The government
claims that its proposed changes to the rules for legal migration into the UK
will reduce the net total by around 300,000 per year. If they fully implement
what they have announced, that may well turn out to be an underestimate; their numbers
are based on the English exceptionalist belief that people are so keen to come
to the UK that people will leave their families behind and come to take up
low-paid jobs as carers, and that the brightest and best post-graduate
researchers will similarly abandon their families and come to the UK alone, at
least until their salary crosses an arbitrary threshold. It’s a big ‘if’ though; and the chances of the Tories fully implementing the plans are vanishingly small, not least because it will take time to draw up the detailed rules and
procedures and process all those applications already in the system whilst the clock is
already ticking down to the next election.
However, that isn’t
the only reason for doubting whether they will ever do more than talk about the
plans. Assuming that potential immigrants will happily leave their families
behind as well as paying increased fees for the privilege of coming to the UK
is only one of the silly assumptions that they’re making. They are also
assuming that the electors whose votes they are chasing would either prefer to
see the social care system go into meltdown than have immigrants working in it
or else don’t understand the degree of dependency on those immigrants. The
reality will become obvious at some point. It’s not a crisis which would hit
social care overnight, of course – but like Hemingway’s description of
bankruptcy, it’s something which will happen in two ways: slowly, and then
suddenly. Perhaps there are some people who really would be happy with that –
but it’s unlikely that those whose relatives are dependent on that care will
agree. And as things slowly get worse, the government will inevitably be
tempted to reverse its policy, albeit as quietly as possible. Hopefully before
the collapse enters the sudden phase.
Labour’s response
has been little better. Equally convinced that the population are demanding an
immediate halt to immigration, they have come up with an entirely arbitrary proposal
to cap net migration at 200,000. Why 200,000? Why not 250,000? Why not 150,000?

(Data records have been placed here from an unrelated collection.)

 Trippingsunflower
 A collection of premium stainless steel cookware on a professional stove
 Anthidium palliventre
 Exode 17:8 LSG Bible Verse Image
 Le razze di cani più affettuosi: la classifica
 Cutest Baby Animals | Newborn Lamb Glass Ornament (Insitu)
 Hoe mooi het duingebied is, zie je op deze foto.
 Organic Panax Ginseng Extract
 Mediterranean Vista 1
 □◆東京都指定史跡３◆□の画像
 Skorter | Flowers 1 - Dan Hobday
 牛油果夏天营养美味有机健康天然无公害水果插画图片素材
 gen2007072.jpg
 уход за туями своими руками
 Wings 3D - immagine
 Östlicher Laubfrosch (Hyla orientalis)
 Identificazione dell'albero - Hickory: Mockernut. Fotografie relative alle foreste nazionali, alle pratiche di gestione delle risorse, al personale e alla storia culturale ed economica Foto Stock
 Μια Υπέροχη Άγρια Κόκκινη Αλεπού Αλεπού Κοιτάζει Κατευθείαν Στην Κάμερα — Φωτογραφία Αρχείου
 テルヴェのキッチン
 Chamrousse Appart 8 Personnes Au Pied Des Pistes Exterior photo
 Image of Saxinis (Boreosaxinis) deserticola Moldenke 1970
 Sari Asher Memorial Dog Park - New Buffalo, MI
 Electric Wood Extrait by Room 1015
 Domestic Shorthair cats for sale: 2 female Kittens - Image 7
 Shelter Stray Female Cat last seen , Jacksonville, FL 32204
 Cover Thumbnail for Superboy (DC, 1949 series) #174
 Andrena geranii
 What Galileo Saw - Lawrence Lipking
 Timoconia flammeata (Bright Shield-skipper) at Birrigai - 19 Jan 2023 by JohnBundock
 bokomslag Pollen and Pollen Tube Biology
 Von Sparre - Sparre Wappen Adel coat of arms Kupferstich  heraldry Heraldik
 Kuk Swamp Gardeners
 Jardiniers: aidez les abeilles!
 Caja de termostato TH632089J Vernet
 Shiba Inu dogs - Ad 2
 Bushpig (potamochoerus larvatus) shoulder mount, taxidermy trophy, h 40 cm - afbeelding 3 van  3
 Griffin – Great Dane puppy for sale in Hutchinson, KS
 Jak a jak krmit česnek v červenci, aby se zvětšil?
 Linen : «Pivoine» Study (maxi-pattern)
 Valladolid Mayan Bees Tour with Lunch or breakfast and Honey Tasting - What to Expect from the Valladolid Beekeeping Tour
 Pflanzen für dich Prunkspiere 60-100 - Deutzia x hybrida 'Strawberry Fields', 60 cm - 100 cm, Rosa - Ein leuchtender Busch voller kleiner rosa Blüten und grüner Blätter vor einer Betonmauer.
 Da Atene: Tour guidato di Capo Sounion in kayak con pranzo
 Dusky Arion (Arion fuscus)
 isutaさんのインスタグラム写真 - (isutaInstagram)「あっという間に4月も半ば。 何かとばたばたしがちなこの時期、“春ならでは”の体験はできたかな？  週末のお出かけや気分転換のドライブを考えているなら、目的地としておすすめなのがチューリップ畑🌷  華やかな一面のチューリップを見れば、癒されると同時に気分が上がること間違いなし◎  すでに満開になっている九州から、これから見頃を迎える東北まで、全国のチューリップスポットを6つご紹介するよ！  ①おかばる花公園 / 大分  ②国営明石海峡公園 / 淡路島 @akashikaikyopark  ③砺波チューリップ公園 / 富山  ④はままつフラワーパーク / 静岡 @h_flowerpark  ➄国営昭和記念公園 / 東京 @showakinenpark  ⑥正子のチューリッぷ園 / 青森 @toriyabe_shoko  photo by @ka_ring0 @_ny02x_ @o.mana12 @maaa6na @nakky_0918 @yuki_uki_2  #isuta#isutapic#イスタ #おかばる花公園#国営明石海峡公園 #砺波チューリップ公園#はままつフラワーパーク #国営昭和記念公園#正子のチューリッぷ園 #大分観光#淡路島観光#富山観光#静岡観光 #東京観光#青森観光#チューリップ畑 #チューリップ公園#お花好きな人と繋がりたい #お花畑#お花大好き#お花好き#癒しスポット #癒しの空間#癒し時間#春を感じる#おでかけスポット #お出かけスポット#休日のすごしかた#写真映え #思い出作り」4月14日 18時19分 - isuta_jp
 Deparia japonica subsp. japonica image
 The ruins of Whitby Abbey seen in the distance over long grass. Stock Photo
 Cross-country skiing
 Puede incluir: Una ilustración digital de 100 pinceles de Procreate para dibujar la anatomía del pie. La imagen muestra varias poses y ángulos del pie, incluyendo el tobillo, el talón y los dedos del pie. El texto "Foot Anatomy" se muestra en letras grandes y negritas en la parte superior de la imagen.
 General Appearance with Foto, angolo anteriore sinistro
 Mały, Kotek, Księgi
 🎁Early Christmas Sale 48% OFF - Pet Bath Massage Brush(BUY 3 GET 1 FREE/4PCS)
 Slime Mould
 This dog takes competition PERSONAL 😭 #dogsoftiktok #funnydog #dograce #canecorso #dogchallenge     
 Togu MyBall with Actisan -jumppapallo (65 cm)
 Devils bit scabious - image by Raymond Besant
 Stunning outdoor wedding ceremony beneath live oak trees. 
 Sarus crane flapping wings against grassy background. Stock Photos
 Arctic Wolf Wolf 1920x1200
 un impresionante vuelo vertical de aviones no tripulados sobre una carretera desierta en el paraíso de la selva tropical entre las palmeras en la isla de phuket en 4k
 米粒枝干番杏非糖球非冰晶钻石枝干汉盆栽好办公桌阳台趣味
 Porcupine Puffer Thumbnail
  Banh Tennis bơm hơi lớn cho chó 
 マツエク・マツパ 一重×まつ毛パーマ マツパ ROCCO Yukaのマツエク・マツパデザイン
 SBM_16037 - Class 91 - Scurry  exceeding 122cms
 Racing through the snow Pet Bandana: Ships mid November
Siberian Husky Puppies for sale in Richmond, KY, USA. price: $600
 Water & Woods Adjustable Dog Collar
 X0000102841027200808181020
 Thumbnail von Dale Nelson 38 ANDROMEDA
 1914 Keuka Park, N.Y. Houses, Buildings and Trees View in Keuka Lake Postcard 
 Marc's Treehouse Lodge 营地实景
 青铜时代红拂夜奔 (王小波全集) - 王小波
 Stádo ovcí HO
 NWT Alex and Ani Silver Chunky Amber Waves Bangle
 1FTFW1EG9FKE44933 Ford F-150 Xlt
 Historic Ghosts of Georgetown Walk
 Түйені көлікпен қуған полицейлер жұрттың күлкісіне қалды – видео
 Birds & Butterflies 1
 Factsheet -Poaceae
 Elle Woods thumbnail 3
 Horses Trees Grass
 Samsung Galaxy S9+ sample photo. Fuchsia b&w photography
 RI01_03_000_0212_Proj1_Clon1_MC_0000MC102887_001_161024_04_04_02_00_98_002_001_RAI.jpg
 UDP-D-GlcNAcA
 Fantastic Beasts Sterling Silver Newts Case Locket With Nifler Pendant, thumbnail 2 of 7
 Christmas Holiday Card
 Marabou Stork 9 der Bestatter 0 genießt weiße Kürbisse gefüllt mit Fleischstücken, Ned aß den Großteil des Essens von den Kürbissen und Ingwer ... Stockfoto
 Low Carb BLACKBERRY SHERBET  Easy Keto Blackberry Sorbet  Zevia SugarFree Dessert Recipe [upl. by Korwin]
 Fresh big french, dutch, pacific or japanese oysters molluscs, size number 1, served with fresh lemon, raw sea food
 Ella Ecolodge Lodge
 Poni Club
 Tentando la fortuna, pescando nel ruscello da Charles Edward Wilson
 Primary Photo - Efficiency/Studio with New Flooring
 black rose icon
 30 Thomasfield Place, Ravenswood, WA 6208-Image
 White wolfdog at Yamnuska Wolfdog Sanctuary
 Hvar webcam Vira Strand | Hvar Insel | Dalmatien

These are not questions to which they have any sort of rational answer; they’ve
simply produced a figure from thin air which they think might be acceptable to
the racists and xenophobes whose votes they seek, with no real thought given to
the implications. Yet still they are likely to win the next election. Suella
Braverman has said
this week that the Tories face “electoral oblivion” if the government’s
Rwanda legislation fails. In a rare moment of consensus, I agree. But then I’d
also agree if she’d said that the Tories face “electoral oblivion” if
the government’s Rwanda legislation succeeds. Saying that the Tories face
electoral oblivion is one of those sentences which currently works perfectly
well without any qualifying clause.
There is one policy
change that they could make which might actually get the net migration figure
down without the performative cruelty which they both seem to think is
essential politics. Mathematically, in any ‘net’ figure there are two factors
involved – so increasing emigration would have the same effect on the net
numbers as decreasing immigration. It’s unfortunate that they shot themselves
in both feet by removing freedom of movement, but if the financial incentives
were good enough, there might be quite a few people willing to help the
government out of its troubles by emigrating. It’s not a solution that’s ever
likely to occur to them though: from their exceptionalist position, they would
never understand why anyone would ever want to escape the dysfunctional rogue state which
the UK has become.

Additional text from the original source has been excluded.